__TASK ITEM__.
Copy every line below that has the word "Stylish" in it.

Caption-style text data:
_ _ _ _
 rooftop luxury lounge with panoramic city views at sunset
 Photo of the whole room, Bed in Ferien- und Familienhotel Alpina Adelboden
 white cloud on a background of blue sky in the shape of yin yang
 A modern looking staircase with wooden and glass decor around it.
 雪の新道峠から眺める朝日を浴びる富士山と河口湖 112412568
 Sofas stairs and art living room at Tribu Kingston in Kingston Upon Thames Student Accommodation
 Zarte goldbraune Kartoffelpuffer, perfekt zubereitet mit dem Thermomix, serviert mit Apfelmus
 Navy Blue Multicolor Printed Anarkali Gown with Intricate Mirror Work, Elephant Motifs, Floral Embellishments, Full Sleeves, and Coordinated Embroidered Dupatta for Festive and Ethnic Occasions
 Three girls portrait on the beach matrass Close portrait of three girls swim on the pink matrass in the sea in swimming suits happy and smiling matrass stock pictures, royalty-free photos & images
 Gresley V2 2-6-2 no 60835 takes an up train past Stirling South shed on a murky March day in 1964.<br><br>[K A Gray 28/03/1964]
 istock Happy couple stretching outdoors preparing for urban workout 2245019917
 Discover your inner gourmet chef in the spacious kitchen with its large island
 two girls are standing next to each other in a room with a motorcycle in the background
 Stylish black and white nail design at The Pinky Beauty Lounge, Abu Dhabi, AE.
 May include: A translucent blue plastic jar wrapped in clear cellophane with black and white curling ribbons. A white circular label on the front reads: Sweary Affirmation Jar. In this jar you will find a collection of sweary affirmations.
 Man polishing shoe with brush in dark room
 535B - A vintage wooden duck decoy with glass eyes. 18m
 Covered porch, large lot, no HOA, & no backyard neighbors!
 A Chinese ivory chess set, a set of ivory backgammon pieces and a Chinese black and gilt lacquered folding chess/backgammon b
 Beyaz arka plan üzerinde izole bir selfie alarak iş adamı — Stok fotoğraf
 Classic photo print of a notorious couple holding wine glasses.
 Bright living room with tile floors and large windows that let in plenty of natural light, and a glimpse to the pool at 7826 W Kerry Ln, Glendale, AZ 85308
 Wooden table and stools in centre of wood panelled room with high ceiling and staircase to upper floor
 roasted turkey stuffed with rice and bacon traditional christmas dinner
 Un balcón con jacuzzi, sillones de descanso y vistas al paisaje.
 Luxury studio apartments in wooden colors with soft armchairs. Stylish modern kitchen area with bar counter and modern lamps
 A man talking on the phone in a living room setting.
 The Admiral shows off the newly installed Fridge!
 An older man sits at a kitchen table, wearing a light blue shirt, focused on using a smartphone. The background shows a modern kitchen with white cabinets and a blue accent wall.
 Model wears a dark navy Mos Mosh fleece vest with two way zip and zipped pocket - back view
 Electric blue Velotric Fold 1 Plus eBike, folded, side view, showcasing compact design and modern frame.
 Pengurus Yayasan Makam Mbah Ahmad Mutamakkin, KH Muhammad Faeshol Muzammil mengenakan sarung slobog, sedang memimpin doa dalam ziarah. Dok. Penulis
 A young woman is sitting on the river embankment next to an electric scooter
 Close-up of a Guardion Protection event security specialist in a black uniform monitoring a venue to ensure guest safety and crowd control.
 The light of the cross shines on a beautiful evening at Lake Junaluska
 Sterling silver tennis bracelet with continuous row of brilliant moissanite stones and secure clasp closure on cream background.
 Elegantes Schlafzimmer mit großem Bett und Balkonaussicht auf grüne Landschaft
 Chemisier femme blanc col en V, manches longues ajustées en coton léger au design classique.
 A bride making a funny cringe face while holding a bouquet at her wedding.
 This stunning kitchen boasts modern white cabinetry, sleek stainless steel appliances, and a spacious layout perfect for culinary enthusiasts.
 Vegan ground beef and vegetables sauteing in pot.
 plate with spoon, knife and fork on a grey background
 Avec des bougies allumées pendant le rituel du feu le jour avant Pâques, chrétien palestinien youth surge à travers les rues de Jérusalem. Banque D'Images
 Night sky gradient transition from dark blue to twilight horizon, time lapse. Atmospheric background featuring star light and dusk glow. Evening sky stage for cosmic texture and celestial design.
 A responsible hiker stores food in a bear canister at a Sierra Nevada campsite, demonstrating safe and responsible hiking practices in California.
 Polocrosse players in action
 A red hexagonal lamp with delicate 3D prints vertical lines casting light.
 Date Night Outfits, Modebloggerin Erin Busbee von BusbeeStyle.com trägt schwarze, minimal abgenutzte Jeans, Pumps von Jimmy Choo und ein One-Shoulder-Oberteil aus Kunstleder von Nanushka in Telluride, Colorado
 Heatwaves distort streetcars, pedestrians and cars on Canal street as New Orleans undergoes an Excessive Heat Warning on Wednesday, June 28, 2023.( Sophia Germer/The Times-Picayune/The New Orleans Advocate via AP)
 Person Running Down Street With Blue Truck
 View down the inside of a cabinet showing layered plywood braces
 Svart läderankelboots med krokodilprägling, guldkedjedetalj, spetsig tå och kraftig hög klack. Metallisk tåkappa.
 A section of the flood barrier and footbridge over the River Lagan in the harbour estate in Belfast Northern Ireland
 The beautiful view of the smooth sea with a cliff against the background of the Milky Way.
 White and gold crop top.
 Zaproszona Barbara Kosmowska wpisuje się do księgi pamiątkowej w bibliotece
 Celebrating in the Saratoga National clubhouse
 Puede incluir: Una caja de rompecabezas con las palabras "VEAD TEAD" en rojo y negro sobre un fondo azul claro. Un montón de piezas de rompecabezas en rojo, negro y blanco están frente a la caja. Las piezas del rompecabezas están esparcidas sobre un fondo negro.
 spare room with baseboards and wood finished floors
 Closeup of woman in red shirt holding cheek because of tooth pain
_ _ _ _
__TASK RESULT__.
 Stylish black and white nail design at The Pinky Beauty Lounge, Abu Dhabi, AE.
 Luxury studio apartments in wooden colors with soft armchairs. Stylish modern kitchen area with bar counter and modern lamps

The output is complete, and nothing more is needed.